Unfortunately for any paper-oriented administrator, and a perhaps rightfully insecure public, the answers are not available in a quantitative format. In fact, we must look into a qualitative realm that may not even be perceivable to much of the public and, I'm afraid, to a number of administrators. The perceiver of what matters in the classroom must have an awareness that is expansive enough to encompass the unquantifiable. Is the teacher intellectually alive? Is the teacher loving and caring with kids? Is the teacher socially conscious? Is the teacher interacting in a synergistic manner with the students? What qualitative description might be applied to the aura of the small yet vital universe of a given classroom?
Even if it were possible to quantify such entities, to do so would be to demean and diminish them.

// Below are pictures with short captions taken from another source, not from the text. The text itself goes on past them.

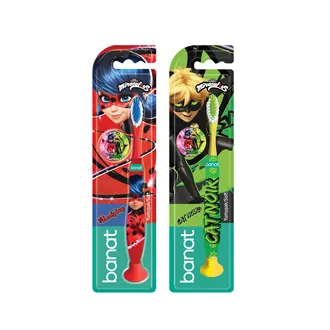 Banat Miraculous Lisanslı Çocuk Diş Fırçası - Soft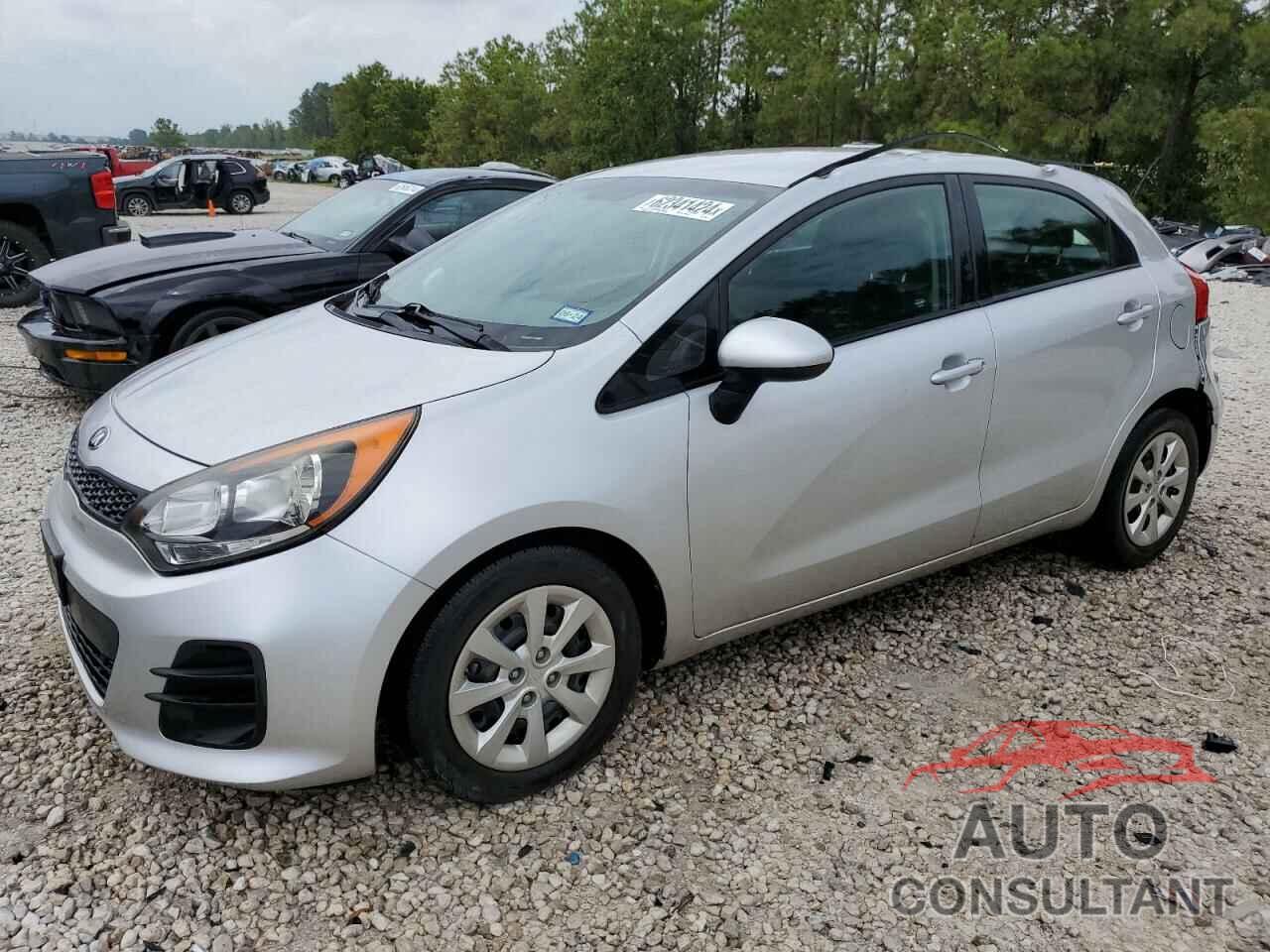 KIA RIO 2016 - KNADM5A31G6635888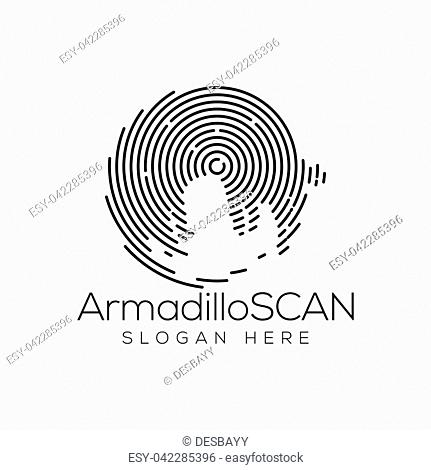 431x470 Armadillo Logo Stock Photos And Images Age Fotostock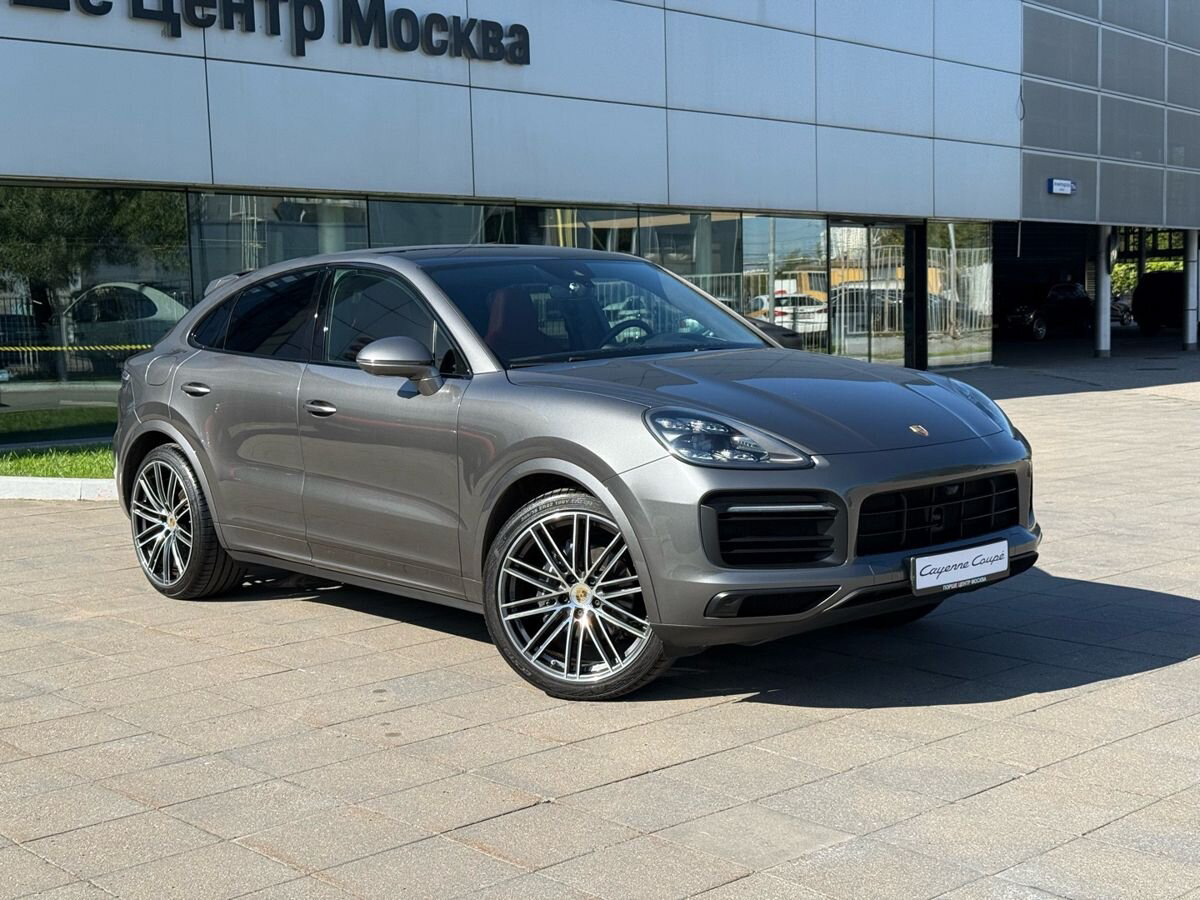 Porsche Cayenne Coupé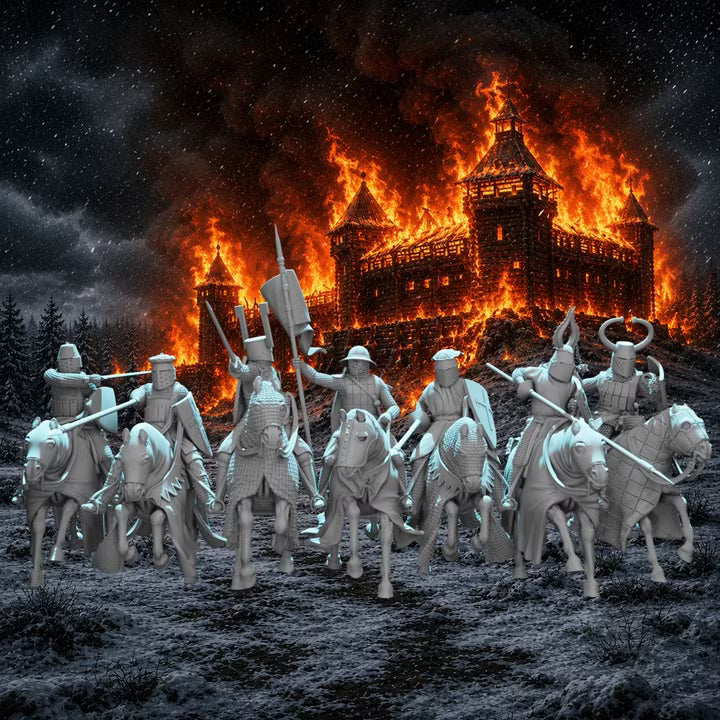 Teutonic Knights Charging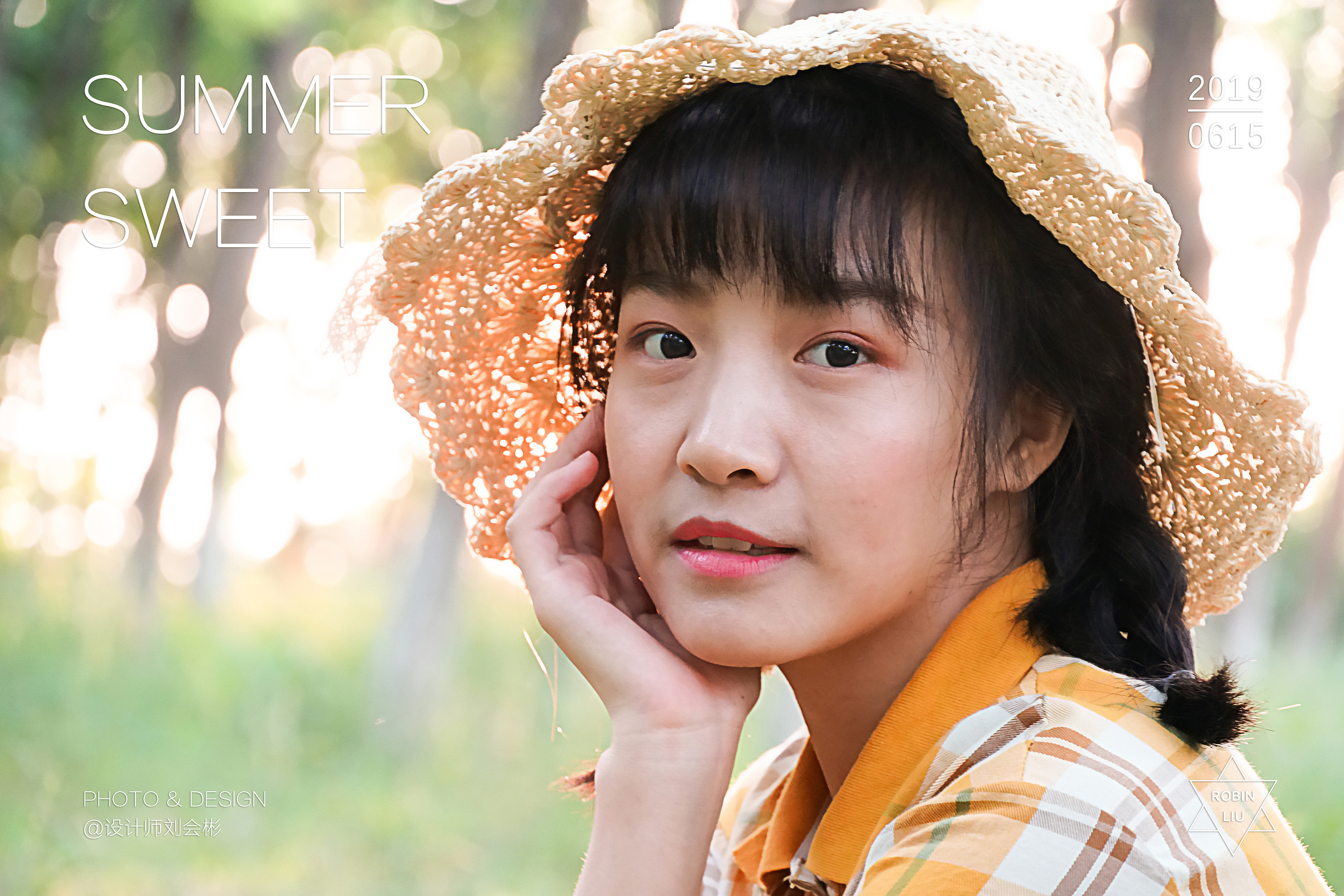 【人像摄影】夏日甜心,你是三千美丽世界里的一瓢水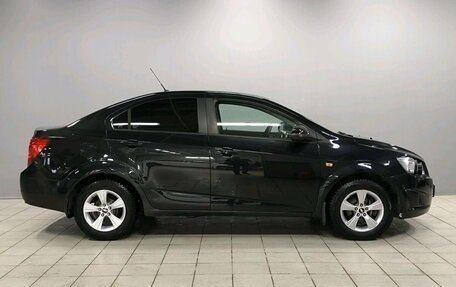 Chevrolet Aveo III, 2013 год, 590 000 рублей, 4 фотография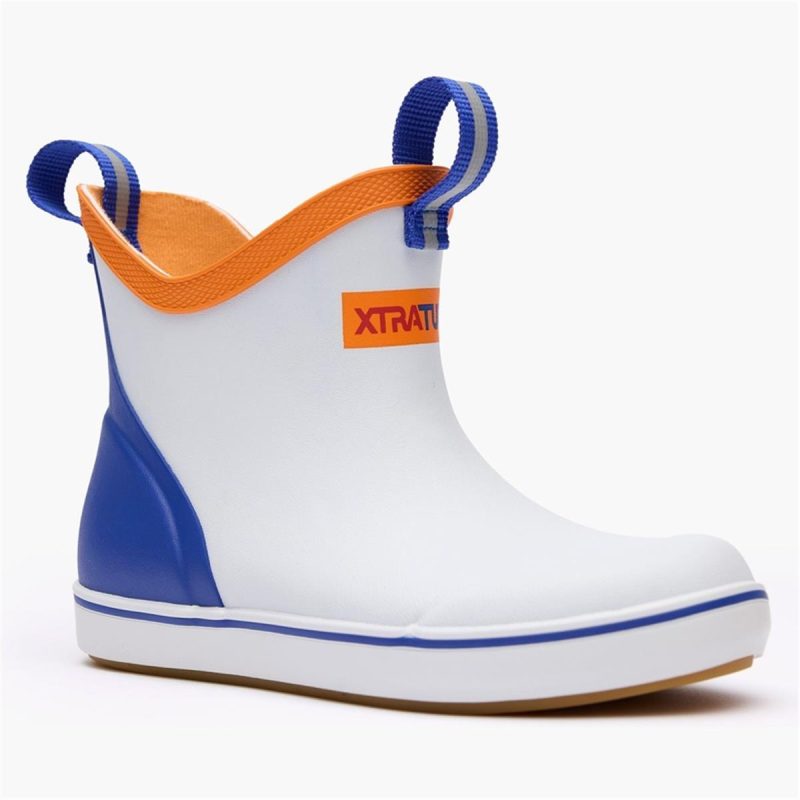 XTRATUF KIDS' ANKLE DECK BOOT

As a parent, I have had two boys come home on occasion with dragging rear-ends, lousy graders, and hatred of teachers and school. As I look to the classrooms where such phenomena are most pronounced, I discover fully "accountable" teachers, yet ones I do not consider to be responsible--they do not seem responsible for their own mental life, they do not seem responsible in their caring for children, they do not seem responsible in their attitude toward the survival of the human race. Yet I have little doubt that such teachers have completely mastered any measure of "accountability" which a principal or the public might legitimately require.
I am pleased, on the other hand, to note in my experience on the elementary level, that most parents tend intuitively to concern themselves with attitudes, feelings, and perceptions of their children than with this or that allegedly objective parameter (I realize, of course, that on the elementary level the thought of grades has less emotional baggage than it tends to do in upper levels, though I think similar arguments apply there). Parents I've talked with in parent-teacher conferences and elsewhere, are, almost overwhelmingly, more interested in having a child bound to and from school with enthusiasm for learning, than in hearing about how their student or school compares to some national average, or against children of the same age in China or Japan. Naturally, there is that small handful of parents who express more concern about such measures than about the intellectual or emotional life of their child. In my opinion, these parents are the most irresponsible in regards to what their child is all about.
As educator, parent, and citizen, I believe the human condition will be that much better off when we are all responsible rather than accountable. Responsible to our own intellectual and spiritual life, responsible to the human race, responsible to our planet, and responsible to the budding consciousness we find within the walls of our classrooms, which in truth, is our own unquantifiable future.
(When writing the above article, I worked as third grade teacher at the Dean Goodsell Elementary School, Shelley, Idaho.)